* **PROMPT**: In the listing below, the lines starting at the line with "ananea Madivaru Maldives" and ending at the line with "الدراجة النهائية 3" are to be output verbatim. Images stay out of the copy.

* **SUPPLIED RECORDS**:
[Start of section]
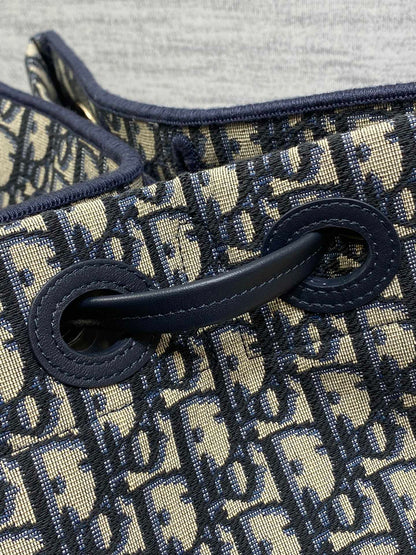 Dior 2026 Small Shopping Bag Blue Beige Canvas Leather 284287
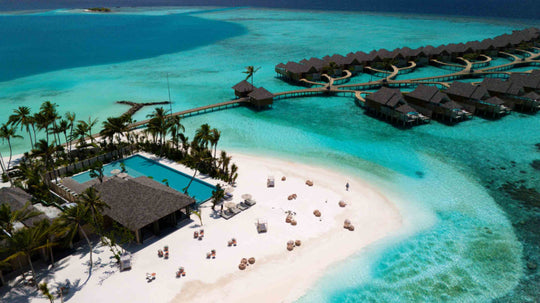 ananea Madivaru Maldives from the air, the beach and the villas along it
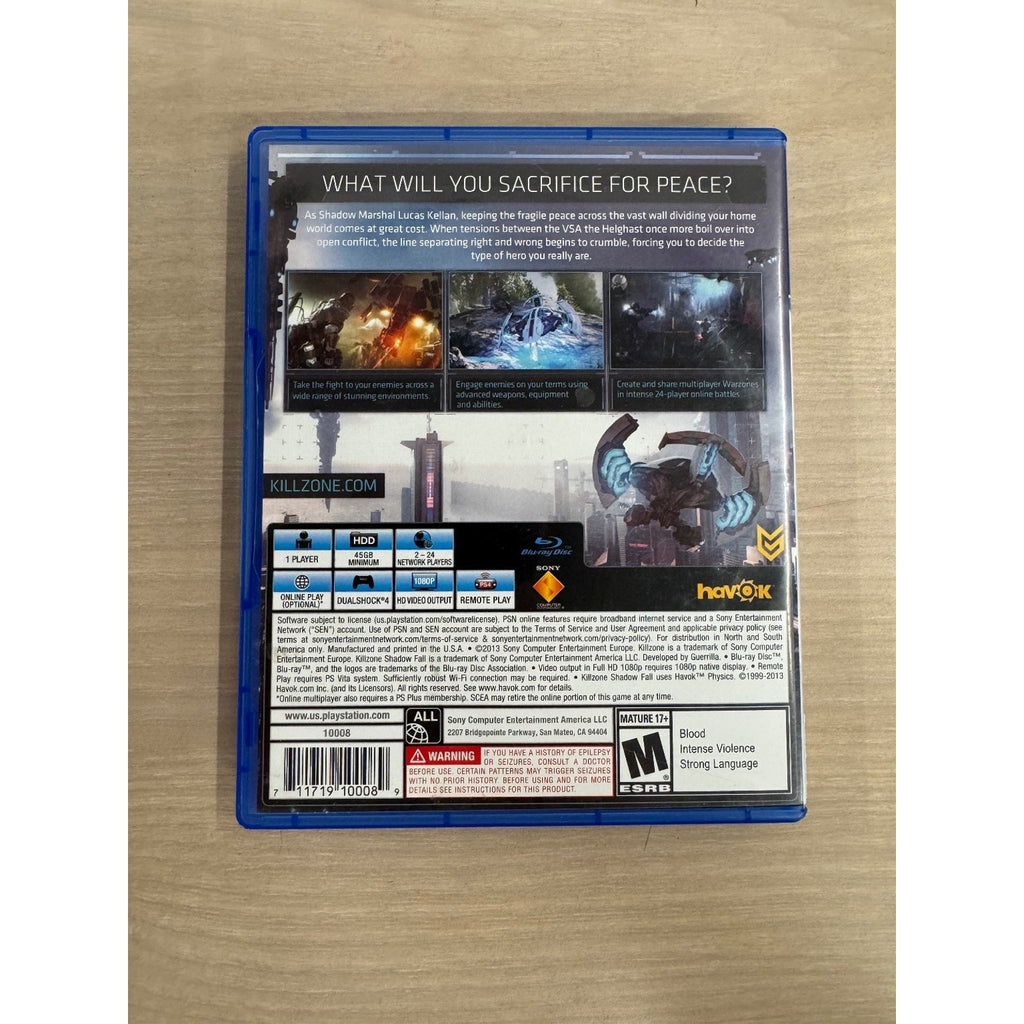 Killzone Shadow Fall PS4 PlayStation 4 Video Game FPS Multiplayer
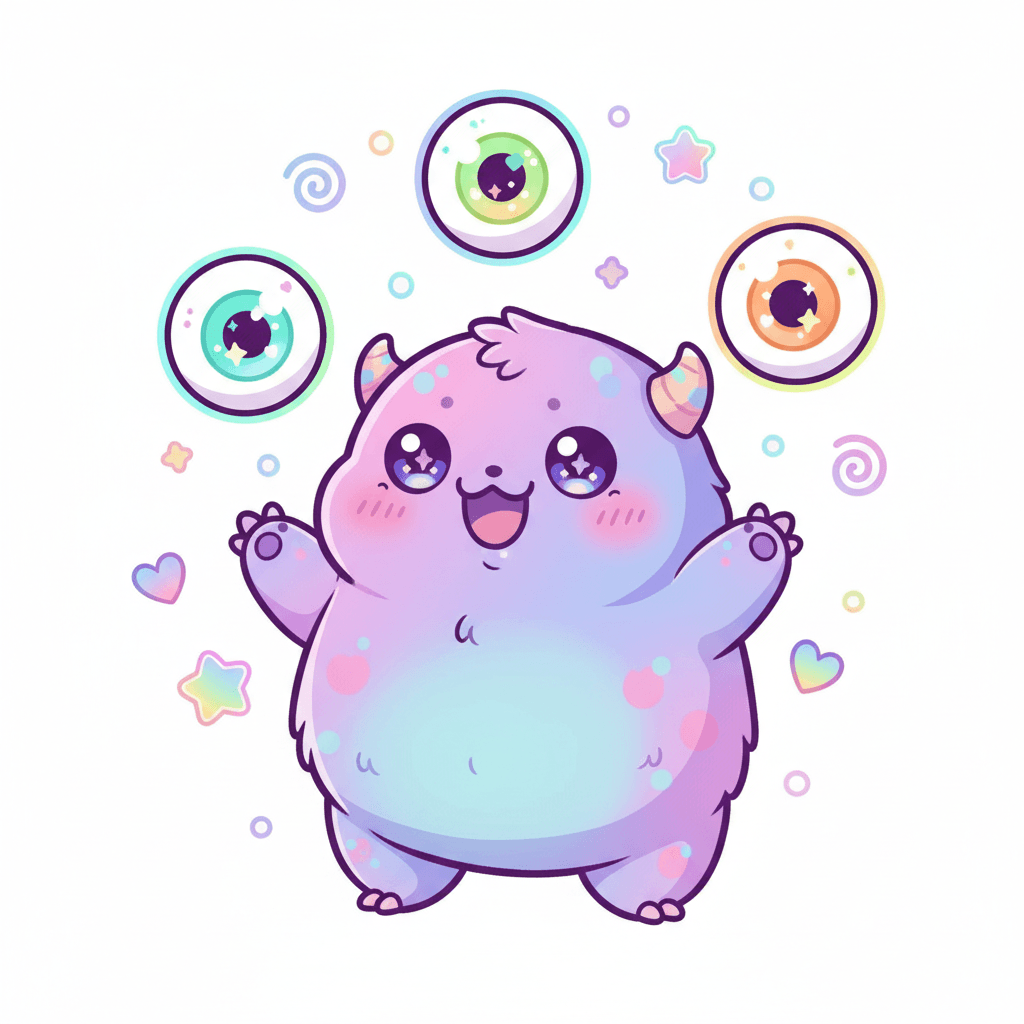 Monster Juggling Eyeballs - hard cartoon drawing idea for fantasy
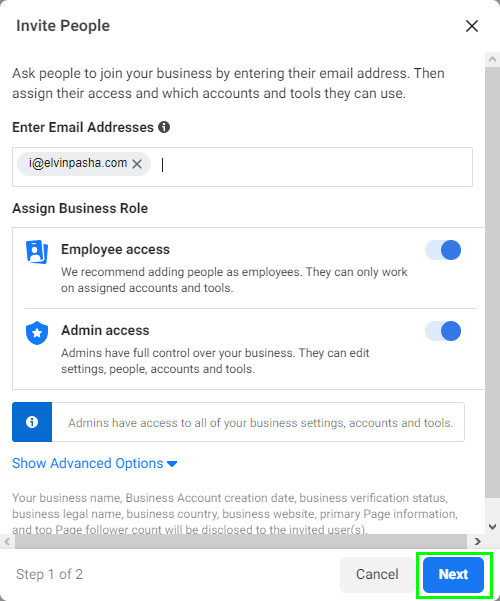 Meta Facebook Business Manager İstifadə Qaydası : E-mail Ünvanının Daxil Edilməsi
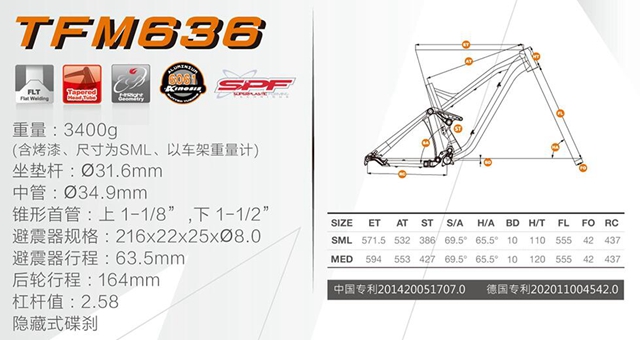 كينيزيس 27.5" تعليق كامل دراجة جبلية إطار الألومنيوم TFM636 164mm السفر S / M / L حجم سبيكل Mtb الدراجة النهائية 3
[End of section]
[Start of section]
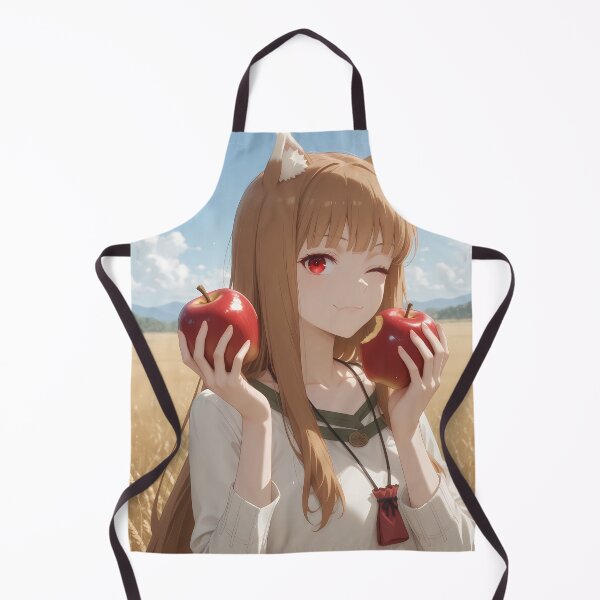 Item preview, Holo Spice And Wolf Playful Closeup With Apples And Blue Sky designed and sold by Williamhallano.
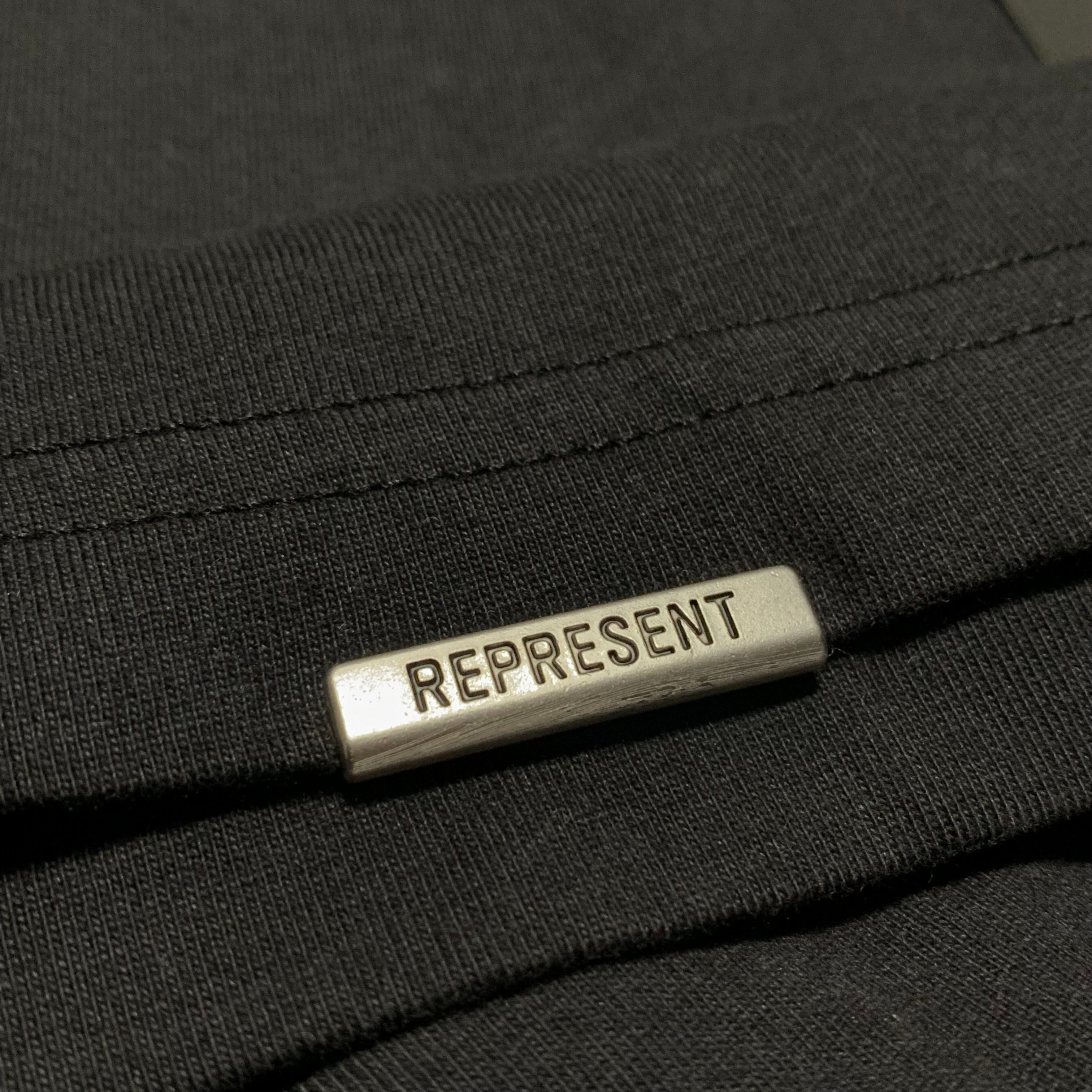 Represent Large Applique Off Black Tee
[End of section]
* **RESPONSE TO THIS TASK**:
 ananea Madivaru Maldives from the air, the beach and the villas along it
 Killzone Shadow Fall PS4 PlayStation 4 Video Game FPS Multiplayer
 Monster Juggling Eyeballs - hard cartoon drawing idea for fantasy
 Meta Facebook Business Manager İstifadə Qaydası : E-mail Ünvanının Daxil Edilməsi
 كينيزيس 27.5" تعليق كامل دراجة جبلية إطار الألومنيوم TFM636 164mm السفر S / M / L حجم سبيكل Mtb الدراجة النهائية 3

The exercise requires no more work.